Apart from the hypicrisy, which admittedly is fun, the Beard loves Christmas for one more thing... the music... now, most of you out there either love the tacky disposable music or loath it... however, to the Beard Christmas music highlights one of his pet dislikes... people claiming to like songs without actually understanding the lyrics.. take for instance that now perennial favourite "Fairytale of New York..." many people claim this to be their favourite Christmas song, which I have no problem with... but then a lot of them then carry on and say that this song about the decay of an already dysfunctional relationship filled with hate and resentment in a police cell among drunks is, somehow, the song which somehow embodies the perfect Christmas.... which it possibly may, who knows.. however, the Beard suspects that, as with Alan partridge and Sunday Bloody Sunday,, that most folks have heard the title, the (admittedly quite jolly) tune, and have concluded that this is a song of joy...
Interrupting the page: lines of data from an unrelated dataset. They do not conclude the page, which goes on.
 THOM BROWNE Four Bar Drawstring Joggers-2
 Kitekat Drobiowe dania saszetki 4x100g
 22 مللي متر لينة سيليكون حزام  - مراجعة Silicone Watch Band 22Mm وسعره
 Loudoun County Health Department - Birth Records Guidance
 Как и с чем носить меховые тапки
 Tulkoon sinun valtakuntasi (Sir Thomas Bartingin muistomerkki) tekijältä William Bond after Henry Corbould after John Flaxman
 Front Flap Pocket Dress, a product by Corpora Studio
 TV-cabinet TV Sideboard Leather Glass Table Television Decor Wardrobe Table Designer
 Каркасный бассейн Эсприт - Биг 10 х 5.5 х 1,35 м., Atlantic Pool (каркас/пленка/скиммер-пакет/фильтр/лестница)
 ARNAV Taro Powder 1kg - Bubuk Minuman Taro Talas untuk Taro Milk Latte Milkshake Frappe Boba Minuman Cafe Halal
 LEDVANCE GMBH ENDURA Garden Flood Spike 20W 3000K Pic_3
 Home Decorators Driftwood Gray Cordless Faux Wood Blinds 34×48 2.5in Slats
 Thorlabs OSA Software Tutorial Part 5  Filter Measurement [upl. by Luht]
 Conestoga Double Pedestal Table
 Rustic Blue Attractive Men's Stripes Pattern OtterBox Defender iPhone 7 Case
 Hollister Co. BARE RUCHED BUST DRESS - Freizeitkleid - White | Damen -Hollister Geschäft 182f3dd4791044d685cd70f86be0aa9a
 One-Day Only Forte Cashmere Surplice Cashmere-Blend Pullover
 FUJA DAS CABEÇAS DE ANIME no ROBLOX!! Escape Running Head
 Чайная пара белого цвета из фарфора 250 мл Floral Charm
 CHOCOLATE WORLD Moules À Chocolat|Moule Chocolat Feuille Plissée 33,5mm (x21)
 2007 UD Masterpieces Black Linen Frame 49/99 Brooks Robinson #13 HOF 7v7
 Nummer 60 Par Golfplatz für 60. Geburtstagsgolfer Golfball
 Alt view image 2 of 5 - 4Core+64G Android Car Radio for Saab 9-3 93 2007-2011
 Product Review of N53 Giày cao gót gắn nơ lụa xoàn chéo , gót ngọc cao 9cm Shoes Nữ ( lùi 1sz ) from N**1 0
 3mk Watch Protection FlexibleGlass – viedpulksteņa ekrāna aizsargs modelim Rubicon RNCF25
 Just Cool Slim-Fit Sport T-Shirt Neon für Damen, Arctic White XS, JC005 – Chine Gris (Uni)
Greg Lake also gets a lot of airplay... his epic I believe in Father Christmas is again one of those songs that on the surface seems to be in praise of Christmas... that opening... "They said there'd be snow at Christmas; they said there'd be peace on Earth..." But then comes the disappointment, in the third line that no one seems to have heard.. "Instead it just kept on raining..." Yes, that's right... asong about how the wonderful Christmas is a cop-out, a meaningless hypocritical load of old drivel... "The Christmas we get we deserve," apparently....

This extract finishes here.